Kinerja IHSG pada hari ini senada dengan mayoritas bursa saham utama kawasan Asia yang ditransaksikan di zona merah: indeks Nikkei turun 0,45%, indeks Hang Seng melemah 0,69%, indeks Straits Times terkoreksi 0,73%, dan indeks Kospi berkurang 0,4%.

Kekhawatiran bahwa The Federal Reserve (The Fed) selaku bank sentral AS tak akan bertindak sangat dovish dalam pertemuannya bulan ini menjadi faktor yang memantik aksi jual di bursa saham Benua Kuning.

Kekhawatiran ini muncul pasca European Central Bank (ECB) mengumumkan hasil pertemuannya. Kemarin (25/7/2019), ECB mengumumkan bahwa main refinancing rate, lending facility rate, dan deposit facility rate dipertahankan masing-masing di level 0%, 0,25% dan -0,4%.

Dalam konferensi pers, Gubernur ECB Mario Draghi menyatakan bahwa kemungkinan perekonomian zona euro mengalami resesi sangat kecil. Draghi yang akan digantikan oleh Christine Lagarde (mantan Direktur Pelaksana IMF) pada 1 November nanti juga melihat bahwa dalam jangka menengah, inflasi diperkirakan akan meningkat akibat berlanjutnya ekspansi ekonomi serta pertumbuhan upah yang cukup bagus.

Pernyataan Draghi tersebut memberikan pesan yang kuat bahwa pelonggaran kebijakan moneter yang akan dieksekusi ECB di masa depan tidak akan terlalu agresif.

Kalau perekonomian zona euro yang sudah begitu tertekan saja tak bisa memaksa bank sentralnya untuk bersikap sangat dovish, dikhawatirkan perekonomian AS yang relatif lebih kuat akan membuat The Fed bersikap sangat konservatif dalam melakukan pelonggaran kebijakan moneter.

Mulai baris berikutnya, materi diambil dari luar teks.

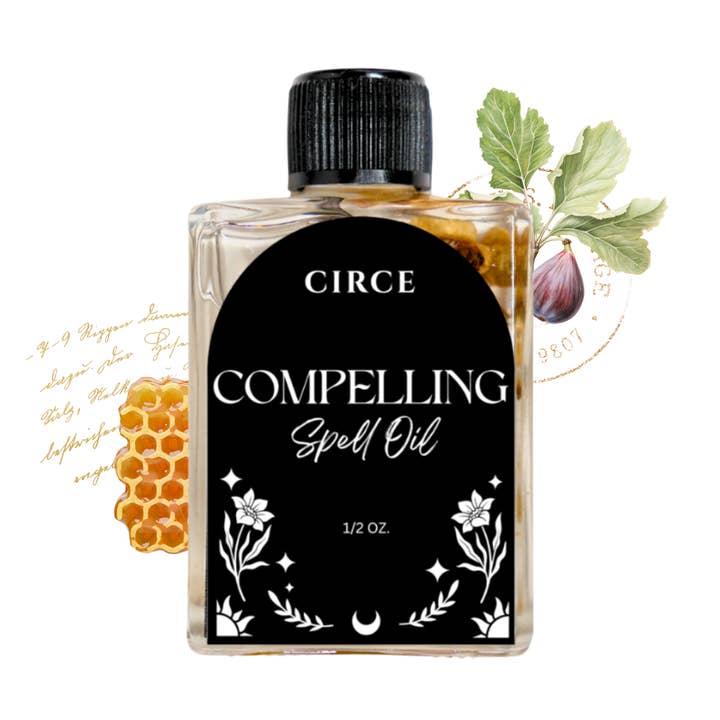 CIRCE Fängslande Trollformelolja 1/2 oz. - Grossist för wholesale av CIRCE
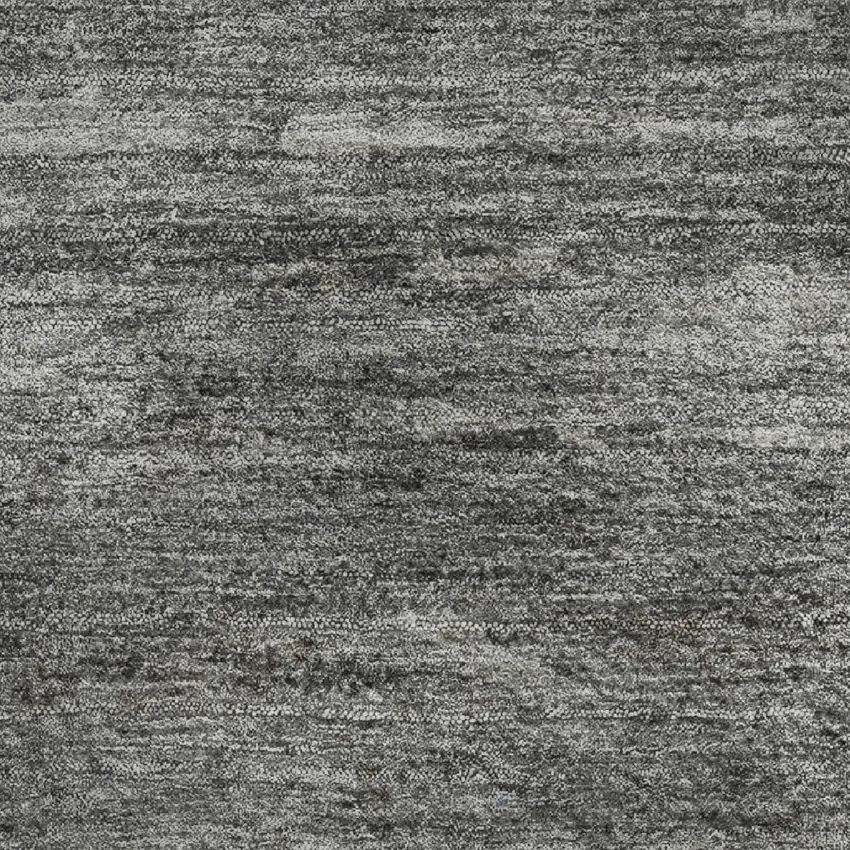 Rust Charcoal And Gray Abstract Washable Area Rug With UV Protection Photo 4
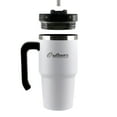 thumbnail image 4 of Outdoors Professional 20-Oz. Stainless Steel Double-Walled Insulated Tumbler with Straw (White), OUTD6052, 4 of 14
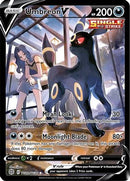 Umbreon V TG22/TG30  - Holofoil SWSH09 Brilliant Stars Trainer Gallery - Ultra Rare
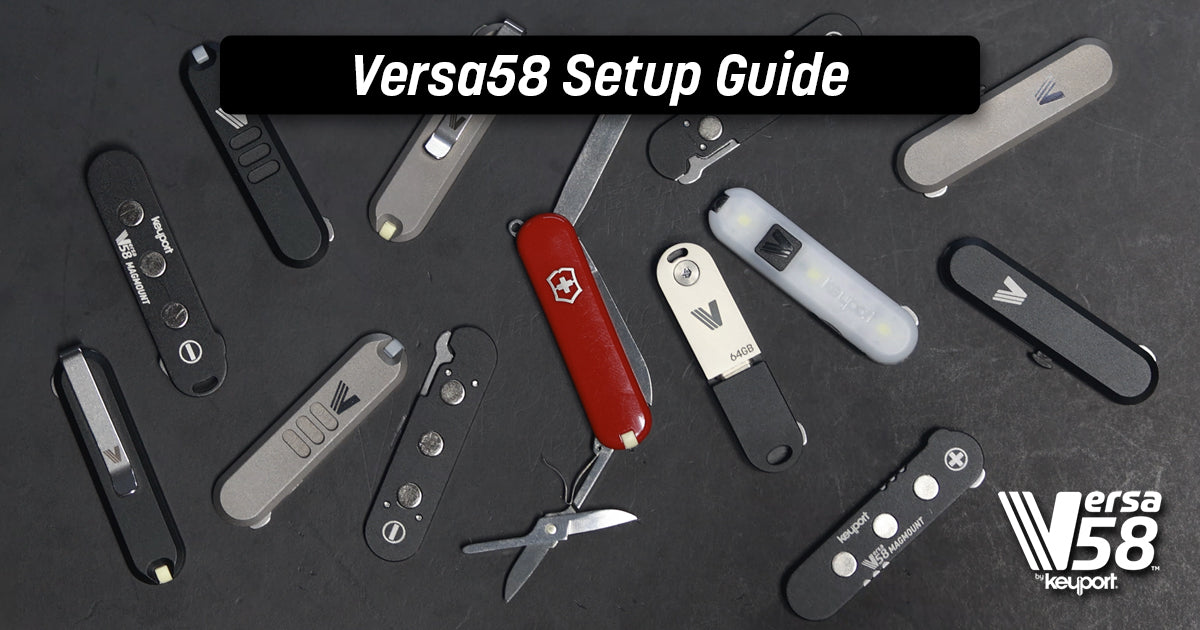 Versa58 Setup Guide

Salah satu bukti bahwa perekonomian zona euro sedang lesu bisa dilihat dari aktivitas sektor manufakturnya. Sepanjang tahun 2019, tercatat hanya satu kali Manufacturing PMI zona euro berada di atas 50, yakni pada awal tahun. Mulai dari Februari hingga Juli 2019, Manufacturing PMI zona euro berada di bawah 50.

Sebagai informasi, angka di bawah 50 menunjukkan adanya kontraksi aktivitas manufaktur jika dibandingkan dengan bulan sebelumnya.

Absennya pemangkasan tingkat suku bunga acuan secara agresif bisa membuat perekonomian AS mengalami yang namanya hard landing. Sebelumnya, Bank Dunia (World Bank) memproyeksikan perekonomian AS tumbuh sebesar 2,5% pada tahun 2019, sebelum kemudian turun drastis menjadi 1,7% pada tahun 2020. Pada tahun 2018, perekonomian AS tumbuh hingga 2,9%, menandai laju pertumbuhan tertinggi sejak tahun 2015 silam.

Kala perekonomian AS sampai mengalami yang namanya hard landing, dipastikan dampaknya terhadap perekonomian dunia juga akan signifikan, mengingat AS merupakan negara dengan nilai perekonomian terbesar di dunia.
Lebih lanjut, kabar pertemuan delegasi AS dan China yang kemarin mampu menghijaukan bursa saham Asia kini terbukti sudah tak bertaji. Dalam wawancara dengan CNBC International pada hari Rabu (24/7/2019), Menteri Keuangan AS Steven Mnuchin mengatakan bahwa dirinya dan Kepala Perwakilan Dagang AS Robert Lighthizer akan bertandang ke China pada hari Senin (29/7/2019) untuk kemudian menggelar negosiasi dagang selama dua hari yang dimulai sehari setelahnya (Selasa, 30/7/2019).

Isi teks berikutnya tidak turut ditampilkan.